I think no one talks about small changes to systems for the same reason the economists don't pick up the dollar in that old joke about the efficient market hypothesis; "if it worked, someone would have already done it". The idea that bonds weren't already sold as efficiently as possible is news to me, and likely news to most people.
There's also the tendency for people to disproportionally praise "big thinking"; when we think of ideas to fix a system, the only ideas we think of (or at least, the ideas I usually think of, unfortunately) are changing the system, not optimizing the existing system. And since optimizing the existing system doesn't sound like a big, important change to most people, those ideas never get propagated. The devil is in the details, but no one wants to be a nitpicker.
Recently I talked with a guy from Grant Street Group. They make, among other things, software with which local governments can auction their bonds on the Internet.
By making the auction process more transparent and easier to participate in, they enable local governments which need to sell bonds (to build a high school, for instance), to sell those bonds at, say, 7% interest instead of 8%. (At least, that's what he said.)

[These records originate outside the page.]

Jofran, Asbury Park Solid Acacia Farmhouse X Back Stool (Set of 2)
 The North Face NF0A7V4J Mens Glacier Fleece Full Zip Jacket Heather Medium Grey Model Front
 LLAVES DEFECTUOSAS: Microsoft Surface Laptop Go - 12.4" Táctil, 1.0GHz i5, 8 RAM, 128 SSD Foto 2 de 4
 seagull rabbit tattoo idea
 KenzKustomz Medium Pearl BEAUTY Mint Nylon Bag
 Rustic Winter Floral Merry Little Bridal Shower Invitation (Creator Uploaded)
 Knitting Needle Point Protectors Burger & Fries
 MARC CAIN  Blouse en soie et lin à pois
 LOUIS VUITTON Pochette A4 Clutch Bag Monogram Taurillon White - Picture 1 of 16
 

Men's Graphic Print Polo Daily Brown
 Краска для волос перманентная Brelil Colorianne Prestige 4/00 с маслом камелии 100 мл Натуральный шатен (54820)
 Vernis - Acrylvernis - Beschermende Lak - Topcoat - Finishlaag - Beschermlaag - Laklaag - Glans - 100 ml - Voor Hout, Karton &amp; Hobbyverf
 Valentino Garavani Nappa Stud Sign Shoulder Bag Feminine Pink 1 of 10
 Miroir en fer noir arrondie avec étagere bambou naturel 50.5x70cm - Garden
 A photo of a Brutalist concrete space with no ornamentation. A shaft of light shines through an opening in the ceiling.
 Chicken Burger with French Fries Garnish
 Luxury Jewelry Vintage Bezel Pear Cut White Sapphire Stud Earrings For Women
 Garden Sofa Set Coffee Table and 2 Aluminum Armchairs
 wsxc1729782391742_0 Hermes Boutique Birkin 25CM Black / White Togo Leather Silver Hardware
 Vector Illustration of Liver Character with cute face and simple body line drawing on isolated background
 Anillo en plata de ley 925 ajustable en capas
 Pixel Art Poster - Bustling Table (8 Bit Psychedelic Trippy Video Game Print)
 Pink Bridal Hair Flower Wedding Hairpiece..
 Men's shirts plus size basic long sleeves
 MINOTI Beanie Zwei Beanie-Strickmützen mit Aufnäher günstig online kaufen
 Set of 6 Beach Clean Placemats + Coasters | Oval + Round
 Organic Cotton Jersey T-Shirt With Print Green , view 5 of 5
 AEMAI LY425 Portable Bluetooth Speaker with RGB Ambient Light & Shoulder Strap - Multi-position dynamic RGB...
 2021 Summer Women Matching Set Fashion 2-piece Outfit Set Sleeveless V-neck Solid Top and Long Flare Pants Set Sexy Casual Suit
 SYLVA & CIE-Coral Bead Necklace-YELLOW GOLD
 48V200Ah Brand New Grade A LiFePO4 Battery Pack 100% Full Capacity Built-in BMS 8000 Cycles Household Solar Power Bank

They have similar software for auctioning liens on property taxes, which also helps local governments raise more money by bringing more buyers to each auction, and probably helps the buyers reduce their risks by giving them more information.
This is a big deal. I think it's potentially more important than any budget argument that's been on the front pages since the 1960s. Yet I only heard of it by chance.
People would rather argue about reducing the budget by eliminating waste, or cutting subsidies to people who don't deserve it, or changing our ideological priorities. Nobody wants to talk about auction mechanics. But fixing the auction mechanics is the easy win. It's so easy that nobody's interested in it. It doesn't buy us fuzzies or let us signal our affiliations. To an individual activist, it's hardly worth doing.